Your assignment » Transcribe word for word the lines below from the line with "Continuous single line" through the line with "Muse Two Medium", ends included.

════════════════════

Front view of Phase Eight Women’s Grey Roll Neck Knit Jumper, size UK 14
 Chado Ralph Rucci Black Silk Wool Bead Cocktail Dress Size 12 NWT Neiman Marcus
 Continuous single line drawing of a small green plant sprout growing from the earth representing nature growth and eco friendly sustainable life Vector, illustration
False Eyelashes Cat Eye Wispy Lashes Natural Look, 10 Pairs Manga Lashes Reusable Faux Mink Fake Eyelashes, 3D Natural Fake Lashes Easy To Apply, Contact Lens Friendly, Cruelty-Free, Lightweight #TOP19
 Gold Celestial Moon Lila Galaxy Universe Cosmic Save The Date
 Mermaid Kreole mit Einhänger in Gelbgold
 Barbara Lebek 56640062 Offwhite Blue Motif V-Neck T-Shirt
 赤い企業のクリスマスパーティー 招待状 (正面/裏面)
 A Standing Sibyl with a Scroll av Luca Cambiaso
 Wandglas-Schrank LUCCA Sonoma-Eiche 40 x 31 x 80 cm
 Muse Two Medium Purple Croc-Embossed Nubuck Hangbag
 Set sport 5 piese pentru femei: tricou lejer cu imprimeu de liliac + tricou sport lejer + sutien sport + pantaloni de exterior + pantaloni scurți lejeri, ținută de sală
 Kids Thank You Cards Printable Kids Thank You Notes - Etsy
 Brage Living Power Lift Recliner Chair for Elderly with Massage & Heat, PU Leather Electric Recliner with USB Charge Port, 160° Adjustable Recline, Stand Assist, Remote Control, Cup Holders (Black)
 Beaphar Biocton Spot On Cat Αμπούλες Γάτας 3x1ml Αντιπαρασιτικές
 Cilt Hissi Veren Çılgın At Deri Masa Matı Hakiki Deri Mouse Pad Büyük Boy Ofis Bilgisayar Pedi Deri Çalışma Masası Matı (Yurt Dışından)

════════════════════

Response box »
 Continuous single line drawing of a small green plant sprout growing from the earth representing nature growth and eco friendly sustainable life Vector, illustration
False Eyelashes Cat Eye Wispy Lashes Natural Look, 10 Pairs Manga Lashes Reusable Faux Mink Fake Eyelashes, 3D Natural Fake Lashes Easy To Apply, Contact Lens Friendly, Cruelty-Free, Lightweight #TOP19
 Gold Celestial Moon Lila Galaxy Universe Cosmic Save The Date
 Mermaid Kreole mit Einhänger in Gelbgold
 Barbara Lebek 56640062 Offwhite Blue Motif V-Neck T-Shirt
 赤い企業のクリスマスパーティー 招待状 (正面/裏面)
 A Standing Sibyl with a Scroll av Luca Cambiaso
 Wandglas-Schrank LUCCA Sonoma-Eiche 40 x 31 x 80 cm
 Muse Two Medium Purple Croc-Embossed Nubuck Hangbag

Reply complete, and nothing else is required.